Despite Work Lauded Onstage at ANA, Three J&J Agencies Lose the Accounts
Pleased With Creative, but Reassignment Reflects Need for Efficiency
When is it bittersweet for an agency to see its work on display from the dais at the Association of National Advertisers conference? Probably when the agency has just lost the account.
That was the case for three Johnson & Johnson brands featured in an address by Kim Kadlec, worldwide VP-global marketing group at J&J, speaking today at the ANA's Masters of Marketing conference in Orlando, Fla.
She highlighted advertising for O.B. tampons in Canada, as well as K-Y personal lubricant and Band-Aid in the United States, that was handled by agencies that will either be leaving the J&J consumer-products creative roster or losing the accounts in question to other roster shops.
Within two hours of her ANA talk, Ms. Kadlec was on a conference call announcing the results of a two-plus -month consolidation review of creative agencies, which eliminated independent Mother and Interpublic's Deutsch, Lowe and Martin Agency from the global consumer-products roster. WPP's JWT is one of the winners in the review, picking up Tylenol globally from Martin, but JWT loses the Band-Aid account.

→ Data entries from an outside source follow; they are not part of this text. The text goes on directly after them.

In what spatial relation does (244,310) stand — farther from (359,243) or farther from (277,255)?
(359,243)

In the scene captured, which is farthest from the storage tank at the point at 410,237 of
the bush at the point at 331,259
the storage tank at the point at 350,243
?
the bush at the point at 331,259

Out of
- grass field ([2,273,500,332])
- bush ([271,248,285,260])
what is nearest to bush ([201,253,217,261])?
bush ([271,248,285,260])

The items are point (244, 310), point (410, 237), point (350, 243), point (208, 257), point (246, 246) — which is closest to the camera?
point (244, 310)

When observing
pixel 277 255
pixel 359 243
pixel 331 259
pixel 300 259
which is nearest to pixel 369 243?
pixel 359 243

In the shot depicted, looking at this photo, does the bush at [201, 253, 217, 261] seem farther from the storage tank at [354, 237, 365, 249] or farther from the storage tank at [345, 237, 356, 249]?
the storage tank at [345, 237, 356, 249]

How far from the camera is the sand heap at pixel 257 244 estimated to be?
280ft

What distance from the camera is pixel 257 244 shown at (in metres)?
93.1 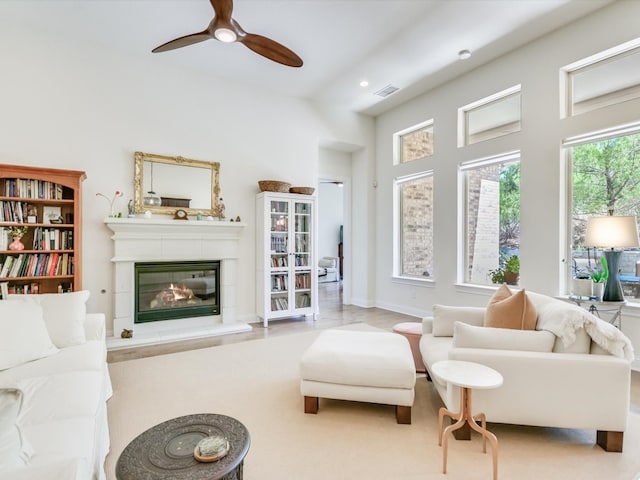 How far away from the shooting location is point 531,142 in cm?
404

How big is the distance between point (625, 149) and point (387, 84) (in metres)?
2.97

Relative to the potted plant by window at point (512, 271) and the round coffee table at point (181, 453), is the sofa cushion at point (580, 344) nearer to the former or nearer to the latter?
the round coffee table at point (181, 453)

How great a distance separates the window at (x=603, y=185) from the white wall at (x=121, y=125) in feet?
11.8

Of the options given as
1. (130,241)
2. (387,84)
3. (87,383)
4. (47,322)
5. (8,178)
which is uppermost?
(387,84)

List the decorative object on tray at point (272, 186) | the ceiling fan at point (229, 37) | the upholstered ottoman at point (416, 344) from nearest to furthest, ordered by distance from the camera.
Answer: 1. the ceiling fan at point (229, 37)
2. the upholstered ottoman at point (416, 344)
3. the decorative object on tray at point (272, 186)

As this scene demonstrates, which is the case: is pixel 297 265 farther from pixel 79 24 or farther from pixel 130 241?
pixel 79 24

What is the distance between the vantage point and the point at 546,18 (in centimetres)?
355

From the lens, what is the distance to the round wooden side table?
172 cm

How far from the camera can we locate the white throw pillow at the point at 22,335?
2.08m

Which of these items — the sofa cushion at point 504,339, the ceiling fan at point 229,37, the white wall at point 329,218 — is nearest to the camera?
the sofa cushion at point 504,339

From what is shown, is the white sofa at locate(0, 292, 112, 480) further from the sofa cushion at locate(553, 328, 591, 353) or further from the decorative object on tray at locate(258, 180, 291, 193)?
the decorative object on tray at locate(258, 180, 291, 193)

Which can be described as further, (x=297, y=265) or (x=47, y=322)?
(x=297, y=265)

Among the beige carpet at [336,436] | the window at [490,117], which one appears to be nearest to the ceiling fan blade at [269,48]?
the window at [490,117]

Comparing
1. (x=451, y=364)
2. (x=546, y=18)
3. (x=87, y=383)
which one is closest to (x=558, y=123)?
(x=546, y=18) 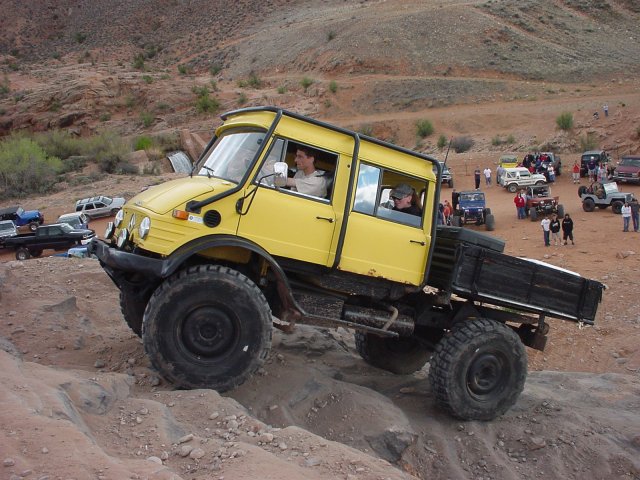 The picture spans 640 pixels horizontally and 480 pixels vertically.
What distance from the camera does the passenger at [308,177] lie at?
6441 millimetres

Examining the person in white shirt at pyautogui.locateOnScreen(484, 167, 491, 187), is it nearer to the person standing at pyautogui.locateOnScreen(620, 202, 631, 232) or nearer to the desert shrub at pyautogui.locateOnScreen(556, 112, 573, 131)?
the desert shrub at pyautogui.locateOnScreen(556, 112, 573, 131)

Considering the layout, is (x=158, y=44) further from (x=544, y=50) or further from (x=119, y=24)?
(x=544, y=50)

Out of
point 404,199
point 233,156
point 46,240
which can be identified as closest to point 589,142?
point 46,240

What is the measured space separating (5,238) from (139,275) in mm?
23058

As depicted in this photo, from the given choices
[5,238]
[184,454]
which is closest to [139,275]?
[184,454]

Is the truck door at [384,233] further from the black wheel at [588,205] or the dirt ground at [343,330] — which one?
the black wheel at [588,205]

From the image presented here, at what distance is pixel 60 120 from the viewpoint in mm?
52594

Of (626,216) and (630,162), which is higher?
(630,162)

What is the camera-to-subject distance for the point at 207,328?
19.7 feet

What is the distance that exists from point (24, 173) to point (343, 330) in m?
34.3

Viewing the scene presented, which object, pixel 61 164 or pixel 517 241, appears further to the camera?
pixel 61 164

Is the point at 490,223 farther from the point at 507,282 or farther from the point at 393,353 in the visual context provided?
the point at 507,282

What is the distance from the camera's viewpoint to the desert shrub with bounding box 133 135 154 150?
4612cm

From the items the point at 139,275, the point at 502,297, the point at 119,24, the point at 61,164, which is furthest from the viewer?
the point at 119,24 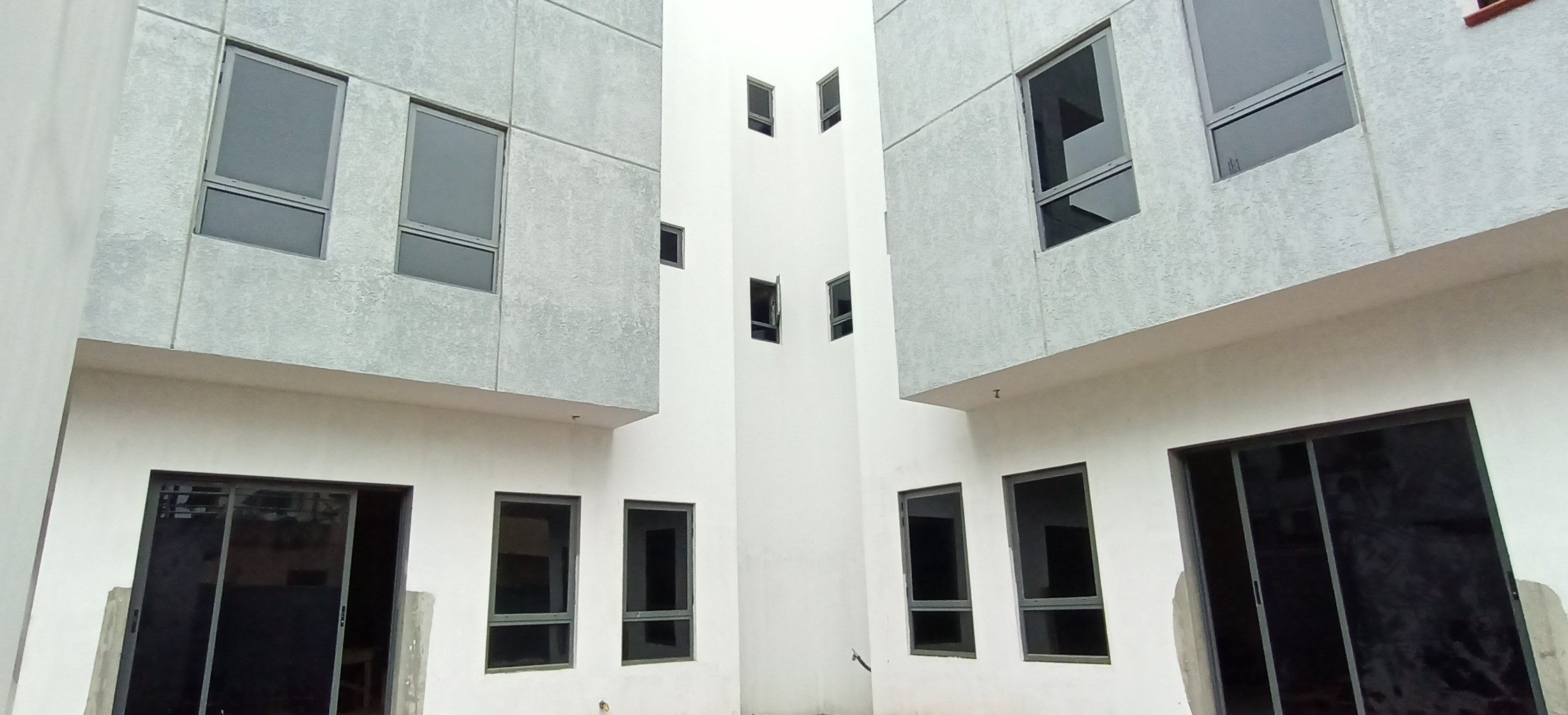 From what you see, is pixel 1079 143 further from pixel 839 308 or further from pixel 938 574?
pixel 839 308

Among the work Ms. Kadlec featured was a 30-second spot from Mother portraying two women as enjoying K-Y Intense arousal gel together.

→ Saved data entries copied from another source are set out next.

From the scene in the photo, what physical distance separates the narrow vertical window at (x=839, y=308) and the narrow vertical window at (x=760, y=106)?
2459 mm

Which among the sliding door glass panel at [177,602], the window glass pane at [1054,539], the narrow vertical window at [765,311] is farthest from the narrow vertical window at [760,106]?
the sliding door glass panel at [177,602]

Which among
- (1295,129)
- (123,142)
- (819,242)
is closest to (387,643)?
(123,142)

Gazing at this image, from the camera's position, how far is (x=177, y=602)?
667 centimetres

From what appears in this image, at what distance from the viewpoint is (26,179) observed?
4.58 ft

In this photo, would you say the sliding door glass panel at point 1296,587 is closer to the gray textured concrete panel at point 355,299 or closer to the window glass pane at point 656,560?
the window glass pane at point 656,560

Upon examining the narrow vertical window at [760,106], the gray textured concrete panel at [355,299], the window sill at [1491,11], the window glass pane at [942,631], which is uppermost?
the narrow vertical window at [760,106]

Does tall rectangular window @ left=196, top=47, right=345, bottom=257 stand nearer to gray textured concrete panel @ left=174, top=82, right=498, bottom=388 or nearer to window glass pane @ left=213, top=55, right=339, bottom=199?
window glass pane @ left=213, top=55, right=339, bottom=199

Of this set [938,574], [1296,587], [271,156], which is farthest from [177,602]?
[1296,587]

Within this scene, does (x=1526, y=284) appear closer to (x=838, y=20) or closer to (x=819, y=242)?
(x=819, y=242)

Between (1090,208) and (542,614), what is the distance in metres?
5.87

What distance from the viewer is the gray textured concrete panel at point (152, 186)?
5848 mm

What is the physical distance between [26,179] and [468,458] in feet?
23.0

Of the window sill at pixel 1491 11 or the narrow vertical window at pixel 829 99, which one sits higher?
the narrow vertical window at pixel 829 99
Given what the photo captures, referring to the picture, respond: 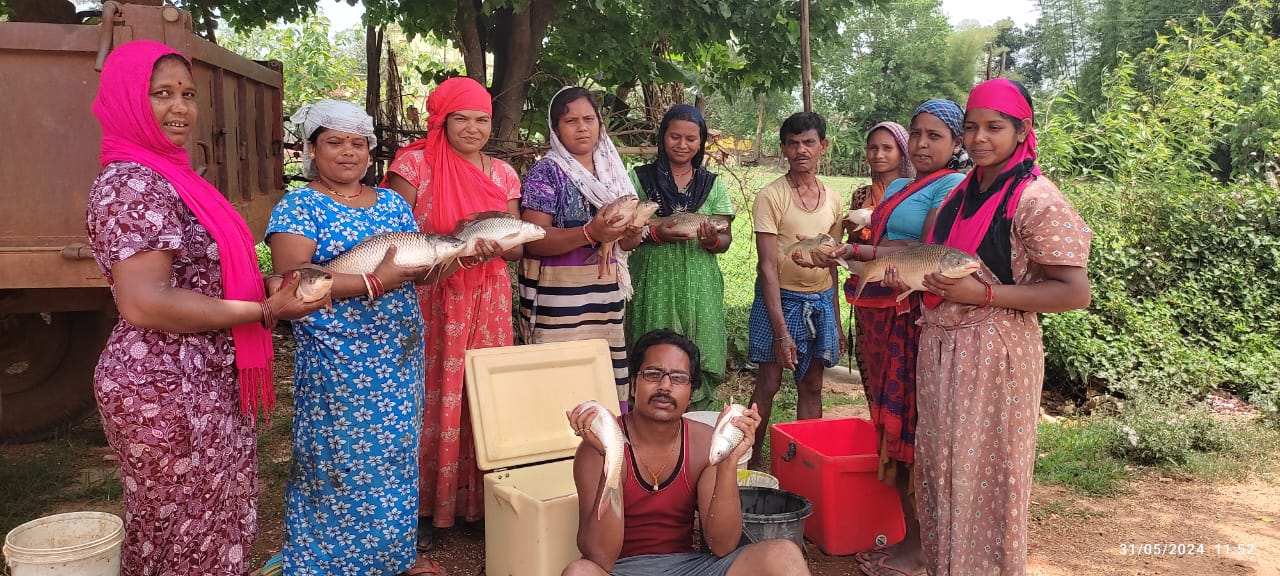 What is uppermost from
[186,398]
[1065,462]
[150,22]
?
[150,22]

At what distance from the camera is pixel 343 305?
3.07m

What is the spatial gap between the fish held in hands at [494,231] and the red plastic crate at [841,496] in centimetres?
161

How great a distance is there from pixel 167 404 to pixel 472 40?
4423 mm

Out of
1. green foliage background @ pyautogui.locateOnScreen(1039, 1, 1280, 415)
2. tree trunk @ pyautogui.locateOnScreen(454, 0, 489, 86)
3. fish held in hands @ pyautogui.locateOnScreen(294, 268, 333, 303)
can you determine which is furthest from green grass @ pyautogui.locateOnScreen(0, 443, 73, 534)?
green foliage background @ pyautogui.locateOnScreen(1039, 1, 1280, 415)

She also pointed to the "Magic Vision" campaign for Band-Aid, handled by JWT, in which kids can scan with an iPhone or iPad special bandages to see a virtual-reality performance from a "Sesame Street " character.
And she showed an interactive video campaign for O.B. tampons in Canada from Lowe Roche in which a singer makes elaborate, over-the-top personalized apologies to customers for a shortage of the brand's O.B. Ultra tampons.

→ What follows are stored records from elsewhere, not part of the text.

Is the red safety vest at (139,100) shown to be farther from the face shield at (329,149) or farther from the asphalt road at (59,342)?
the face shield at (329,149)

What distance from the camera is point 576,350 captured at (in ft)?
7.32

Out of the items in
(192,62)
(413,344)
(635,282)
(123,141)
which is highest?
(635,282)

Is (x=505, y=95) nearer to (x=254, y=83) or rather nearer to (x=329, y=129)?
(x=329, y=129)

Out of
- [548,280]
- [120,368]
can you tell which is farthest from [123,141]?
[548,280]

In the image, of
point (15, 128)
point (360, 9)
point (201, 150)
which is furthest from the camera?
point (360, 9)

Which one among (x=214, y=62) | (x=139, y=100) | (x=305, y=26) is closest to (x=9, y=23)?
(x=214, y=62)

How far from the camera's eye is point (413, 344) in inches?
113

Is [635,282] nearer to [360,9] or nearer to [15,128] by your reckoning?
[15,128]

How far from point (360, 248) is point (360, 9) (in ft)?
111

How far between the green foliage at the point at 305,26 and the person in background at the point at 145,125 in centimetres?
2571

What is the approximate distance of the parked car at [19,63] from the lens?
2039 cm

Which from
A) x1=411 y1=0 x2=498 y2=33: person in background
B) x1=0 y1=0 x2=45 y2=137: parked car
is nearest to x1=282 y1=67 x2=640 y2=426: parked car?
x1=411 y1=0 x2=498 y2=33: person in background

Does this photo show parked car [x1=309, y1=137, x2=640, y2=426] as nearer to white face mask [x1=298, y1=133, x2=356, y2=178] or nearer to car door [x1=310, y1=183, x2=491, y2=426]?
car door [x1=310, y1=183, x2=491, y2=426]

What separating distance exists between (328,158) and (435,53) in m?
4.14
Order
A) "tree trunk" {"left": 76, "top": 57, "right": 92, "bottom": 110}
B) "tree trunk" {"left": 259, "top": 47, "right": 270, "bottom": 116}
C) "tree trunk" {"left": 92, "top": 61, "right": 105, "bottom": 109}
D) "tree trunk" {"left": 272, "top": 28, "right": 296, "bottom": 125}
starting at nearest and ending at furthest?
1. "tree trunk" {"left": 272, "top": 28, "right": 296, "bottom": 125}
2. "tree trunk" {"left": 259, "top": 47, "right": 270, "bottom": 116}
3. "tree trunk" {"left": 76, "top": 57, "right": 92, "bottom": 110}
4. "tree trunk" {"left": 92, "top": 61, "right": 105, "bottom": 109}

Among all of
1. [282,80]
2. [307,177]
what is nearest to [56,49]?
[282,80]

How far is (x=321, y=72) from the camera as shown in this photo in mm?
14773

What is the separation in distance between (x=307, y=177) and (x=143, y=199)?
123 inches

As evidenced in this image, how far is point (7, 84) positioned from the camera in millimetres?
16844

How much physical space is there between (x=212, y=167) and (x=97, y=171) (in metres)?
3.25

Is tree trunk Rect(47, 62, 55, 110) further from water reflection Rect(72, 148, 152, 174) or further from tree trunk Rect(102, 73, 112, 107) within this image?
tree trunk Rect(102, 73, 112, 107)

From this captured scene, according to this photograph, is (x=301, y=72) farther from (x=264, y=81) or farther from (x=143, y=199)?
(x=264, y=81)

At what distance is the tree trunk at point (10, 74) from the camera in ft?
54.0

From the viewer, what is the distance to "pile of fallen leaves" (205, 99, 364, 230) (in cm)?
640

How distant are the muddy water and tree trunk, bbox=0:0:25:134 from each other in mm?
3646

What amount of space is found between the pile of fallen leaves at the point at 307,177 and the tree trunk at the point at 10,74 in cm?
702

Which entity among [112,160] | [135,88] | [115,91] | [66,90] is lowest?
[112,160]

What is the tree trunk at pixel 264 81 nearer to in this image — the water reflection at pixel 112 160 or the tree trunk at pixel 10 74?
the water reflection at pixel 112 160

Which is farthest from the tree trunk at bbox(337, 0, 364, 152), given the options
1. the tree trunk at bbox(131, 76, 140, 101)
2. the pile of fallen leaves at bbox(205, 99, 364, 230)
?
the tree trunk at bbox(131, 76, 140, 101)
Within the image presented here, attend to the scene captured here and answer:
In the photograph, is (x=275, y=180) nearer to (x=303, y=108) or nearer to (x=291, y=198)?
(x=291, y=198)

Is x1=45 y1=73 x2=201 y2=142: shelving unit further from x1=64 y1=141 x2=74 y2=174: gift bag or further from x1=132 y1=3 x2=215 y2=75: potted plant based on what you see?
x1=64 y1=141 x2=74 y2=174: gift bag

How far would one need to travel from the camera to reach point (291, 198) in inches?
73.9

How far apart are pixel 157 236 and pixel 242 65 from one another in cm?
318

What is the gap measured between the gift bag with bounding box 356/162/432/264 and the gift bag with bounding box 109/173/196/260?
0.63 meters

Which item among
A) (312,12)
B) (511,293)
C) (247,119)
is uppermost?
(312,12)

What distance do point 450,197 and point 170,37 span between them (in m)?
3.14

All three campaigns were well received by the ANA crowd of around 2,000, drawing applause.
"The work is extremely well done, and certainly [the agencies] partnered with our marketers brilliantly to create that ," Ms. Kadlec said in an interview later.
"At the center of the work really was the use of consumer insights and the use of new technology," Ms. Kadlec said. "And that was really driven by our marketing teams and business leaders and partnerships. I know the new alignment will work similarly and hopefully on a more simplified, streamlined basis."
Ms. Kadlec, who spoke on her theme of "the marketing of now," is a little too busy these days to think too long about the past. Having just finished work on the global creative review for the consumer business, she's within weeks of finishing work on a media review for J&J's Europe, Middle East and Africa business.
That will likely mean, she said, that "in the normal rhythm of the business" J&J will begin to review the rest of its global media account by next year. But she said Interpublic's losing out in the global creative consolidation doesn't presuppose that the holding company will lose work in any of the global media agency review.
Interpublic's R/GA continues as a key part of J&J's digital roster, and the review of global lead-creative shops didn't affect digital, said Michael Sneed, J&J's VP-global corporate affairs.
J&J remains pleased with the work of Interpublic shops on other parts of the J&J business, he said, including media, where Universal McCann handles the North American business.
Indeed, none of the creative agency moves was based on any disappointment about performance, Mr. Sneed said, but all about operational efficiency and simplification. Agencies that lost work, he said, will have chances to win future work on J&J accounts.